To do | Your answer should be the data below, reproduced with nothing changed.

========================================

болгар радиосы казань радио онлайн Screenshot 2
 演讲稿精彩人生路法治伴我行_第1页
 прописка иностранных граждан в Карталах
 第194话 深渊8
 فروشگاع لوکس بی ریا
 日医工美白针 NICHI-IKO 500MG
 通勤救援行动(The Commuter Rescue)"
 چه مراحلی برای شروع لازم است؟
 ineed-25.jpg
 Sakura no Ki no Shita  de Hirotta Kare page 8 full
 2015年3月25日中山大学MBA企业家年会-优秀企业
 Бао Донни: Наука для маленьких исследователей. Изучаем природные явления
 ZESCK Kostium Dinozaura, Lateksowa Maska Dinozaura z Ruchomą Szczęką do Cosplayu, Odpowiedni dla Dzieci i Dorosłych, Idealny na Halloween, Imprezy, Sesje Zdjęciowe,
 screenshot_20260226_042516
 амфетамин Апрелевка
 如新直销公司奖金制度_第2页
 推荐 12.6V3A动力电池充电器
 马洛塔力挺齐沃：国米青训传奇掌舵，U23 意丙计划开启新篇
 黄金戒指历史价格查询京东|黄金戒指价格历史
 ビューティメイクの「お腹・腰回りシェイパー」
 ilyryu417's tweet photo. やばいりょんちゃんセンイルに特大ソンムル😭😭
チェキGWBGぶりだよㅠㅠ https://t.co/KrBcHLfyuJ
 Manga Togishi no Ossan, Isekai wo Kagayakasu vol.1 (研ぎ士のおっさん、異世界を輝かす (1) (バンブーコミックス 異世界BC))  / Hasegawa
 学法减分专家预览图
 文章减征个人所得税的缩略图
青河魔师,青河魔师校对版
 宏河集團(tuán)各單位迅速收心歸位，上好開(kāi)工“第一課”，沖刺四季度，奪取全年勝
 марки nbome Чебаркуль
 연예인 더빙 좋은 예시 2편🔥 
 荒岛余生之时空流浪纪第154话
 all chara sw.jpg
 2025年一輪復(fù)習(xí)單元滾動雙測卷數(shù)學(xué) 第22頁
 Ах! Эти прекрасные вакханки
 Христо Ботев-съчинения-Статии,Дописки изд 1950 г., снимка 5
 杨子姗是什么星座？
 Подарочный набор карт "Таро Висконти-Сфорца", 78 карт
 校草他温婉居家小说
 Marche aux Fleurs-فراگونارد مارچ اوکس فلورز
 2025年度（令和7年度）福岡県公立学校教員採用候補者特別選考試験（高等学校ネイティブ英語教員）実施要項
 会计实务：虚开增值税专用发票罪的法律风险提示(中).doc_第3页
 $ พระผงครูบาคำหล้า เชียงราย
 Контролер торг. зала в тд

========================================

Response |
болгар радиосы казань радио онлайн Screenshot 2
 演讲稿精彩人生路法治伴我行_第1页
 прописка иностранных граждан в Карталах
 第194话 深渊8
 فروشگاع لوکس بی ریا
 日医工美白针 NICHI-IKO 500MG
 通勤救援行动(The Commuter Rescue)"
 چه مراحلی برای شروع لازم است؟
 ineed-25.jpg
 Sakura no Ki no Shita  de Hirotta Kare page 8 full
 2015年3月25日中山大学MBA企业家年会-优秀企业
 Бао Донни: Наука для маленьких исследователей. Изучаем природные явления
 ZESCK Kostium Dinozaura, Lateksowa Maska Dinozaura z Ruchomą Szczęką do Cosplayu, Odpowiedni dla Dzieci i Dorosłych, Idealny na Halloween, Imprezy, Sesje Zdjęciowe,
 screenshot_20260226_042516
 амфетамин Апрелевка
 如新直销公司奖金制度_第2页
 推荐 12.6V3A动力电池充电器
 马洛塔力挺齐沃：国米青训传奇掌舵，U23 意丙计划开启新篇
 黄金戒指历史价格查询京东|黄金戒指价格历史
 ビューティメイクの「お腹・腰回りシェイパー」
 ilyryu417's tweet photo. やばいりょんちゃんセンイルに特大ソンムル😭😭
チェキGWBGぶりだよㅠㅠ https://t.co/KrBcHLfyuJ
 Manga Togishi no Ossan, Isekai wo Kagayakasu vol.1 (研ぎ士のおっさん、異世界を輝かす (1) (バンブーコミックス 異世界BC))  / Hasegawa
 学法减分专家预览图
 文章减征个人所得税的缩略图
青河魔师,青河魔师校对版
 宏河集團(tuán)各單位迅速收心歸位，上好開(kāi)工“第一課”，沖刺四季度，奪取全年勝
 марки nbome Чебаркуль
 연예인 더빙 좋은 예시 2편🔥 
 荒岛余生之时空流浪纪第154话
 all chara sw.jpg
 2025年一輪復(fù)習(xí)單元滾動雙測卷數(shù)學(xué) 第22頁
 Ах! Эти прекрасные вакханки
 Христо Ботев-съчинения-Статии,Дописки изд 1950 г., снимка 5
 杨子姗是什么星座？
 Подарочный набор карт "Таро Висконти-Сфорца", 78 карт
 校草他温婉居家小说
 Marche aux Fleurs-فراگونارد مارچ اوکس فلورز
 2025年度（令和7年度）福岡県公立学校教員採用候補者特別選考試験（高等学校ネイティブ英語教員）実施要項
 会计实务：虚开增值税专用发票罪的法律风险提示(中).doc_第3页
 $ พระผงครูบาคำหล้า เชียงราย
 Контролер торг. зала в тд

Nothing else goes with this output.